PUBLICATION:          The London Free Press

DATE:                         2004.12.11

EDITION:                    Final

SECTION:                  Opinion Pages

PAGE:                         F1

ILLUSTRATION:        photo of ROGER GALLAWAY

BYLINE:                     CHIP MARTIN, FREE PRESS COLUMNIST appears Saturdays. 

COLUMN:                  A WEEK IN POLITICS 

--------------------------------------------------------------------------------

DEMOCRATIC DEFICIT JUST GROWS DEEPER

--------------------------------------------------------------------------------

So much for Prime Minister Paul Martin's talk of empowering backbench MPs.

It's bullying as usual on Parliament Hill.

Just ask Roger Gallaway, the maverick Liberal who represents Sarnia-Lambton.

A year ago, Gallaway was excited about Martin's promise to enhance the role of ordinary MPs and make the cabinet more accountable to them.

"It will be a profound shift in culture," Gallaway said of the prospect of backbenchers able to break free of the requirement they toe the party line on all votes.

A student of parliamentary procedure, he'd been unhappy at the trend toward centralizing power in the Prime Minister's Office and in cabinet.

A year later, however, it seems all the talk was just that.

Gallaway tried to have the House of Commons vote on government spending estimates that called for about an additional $80 million to continue the controversial national firearms registry program, which has already consumed about $1 billion in tax dollars.
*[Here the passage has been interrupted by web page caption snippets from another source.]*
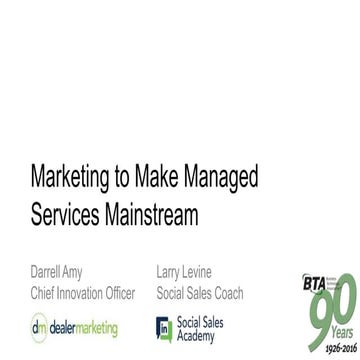 Marketing to Make Managed Services Mainstream 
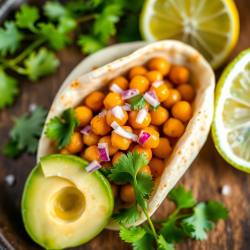 Spiced Chickpea Tacos with Avocado and Cilantro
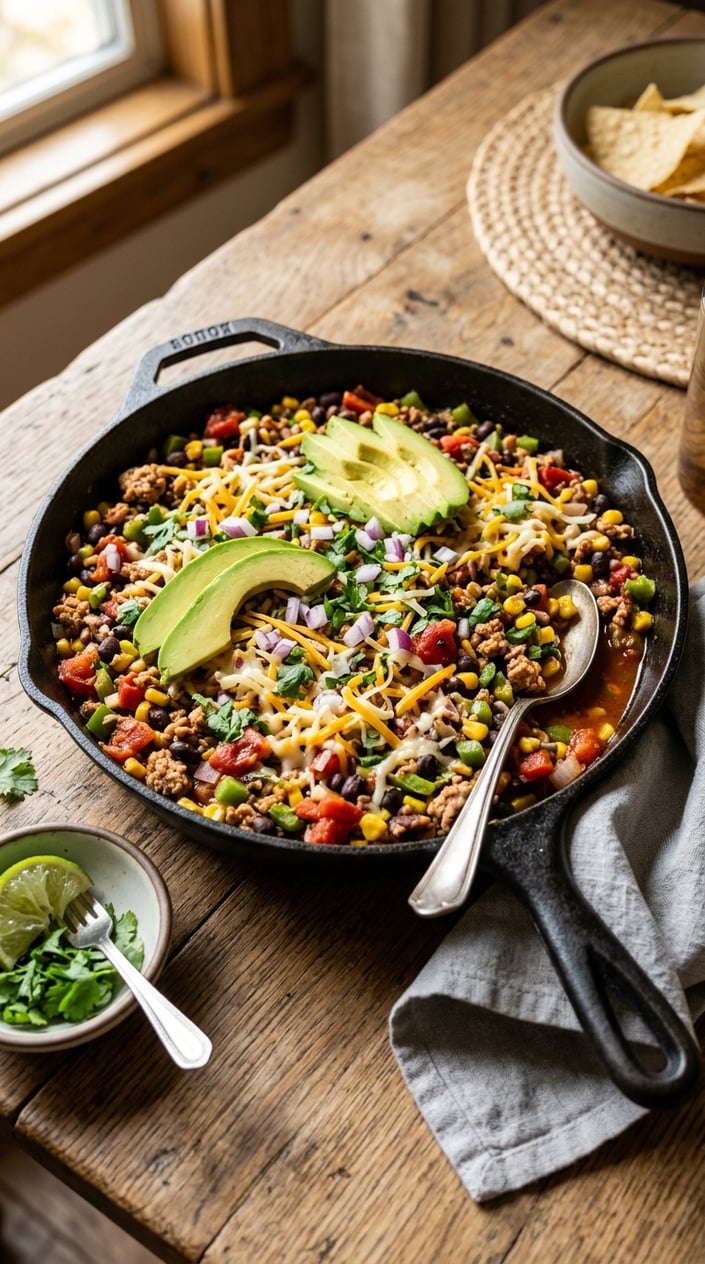 A skillet filled with a colorful turkey taco mixture including beans, corn, tomatoes, and avocado on a wooden table.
He said he supports a firearms program, but he can't back pumping more money into this one when Canadians are no safer than before and many gun owners refuse to comply with it.

"This thing is out of control," Gallaway said, adding he was "simply exercising a constitutional right" to vote on proposed government spending.

It's what MPs are elected to do, after all.

But he was criticized and some observers suggested he was promoting a non-confidence vote.

Gallaway scoffed, saying his motion dealt with an estimate, not an actual appropriation. No non-confidence here, he said.

In cabinet, Deputy Prime Minister Anne McLellan was reported to have likened Gallaway to Mississauga-area MP Carolyn Parrish, who was expelled from the Liberal caucus after criticizing Martin.

Publicly, McLellan linked Gallaway's plan to the 15th anniversary of the slaying of 14 women at Montreal 's Ecole polytechnique, an event which led to the gun registry in 1995.

"I would be disappointed if anyone (proposed scrapping the program) -- particularly disappointed when that person comes from the government and the Liberal Party," McLellan said.

She used political correctness to correct Gallaway's politics. It was a convenient gambit, but the underlying message was to toe the government line.

Days later, Martin said his government will introduce legislation to legalize gay weddings in civil ceremonies.

His Liberal MPs are being told they can vote the way they want, but cabinet ministers must back the plan.

The message is clear: voting against Martin's plan will be career-ending for ministers and, by implication, career-limiting for those who aspire to cabinet.

On the firearms issue, Gallaway and Martin talked, but Gallaway later insisted the prime minister didn't lean on him.

Martin didn't need to; McLellan was doing his dirty work -- just as Martin supporters worked so long to undermine his predecessor, Jean Chretien.

This is the same Paul Martin who, upon becoming party leader and prime minister in late 2003, unveiled his goals in a slick booklet entitled Making History: The Politics of Achievement."

In it, Martin addressed the need to reform democratic decision-making this way: "The current system isn't good enough in Ottawa . MPs are torn between their desire to serve constituents and the interests of their communities on the one hand, and on the other, the insistence on strict loyalty and discipline that emanates from 'the centre', the prime minister and cabinet . . .

"In effect, the command-and-control systems of centralized authority in Ottawa have pushed the views of citizens and communities off to the side.

"Too many Canadians have thus come to see MPs as the representatives of Ottawa in their ridings, instead of representatives of their ridings in Ottawa . We have to change that."

Gallaway said many of his constituents, good law-abiding people, are unhappy with the gun registry and he was acting on their behalf.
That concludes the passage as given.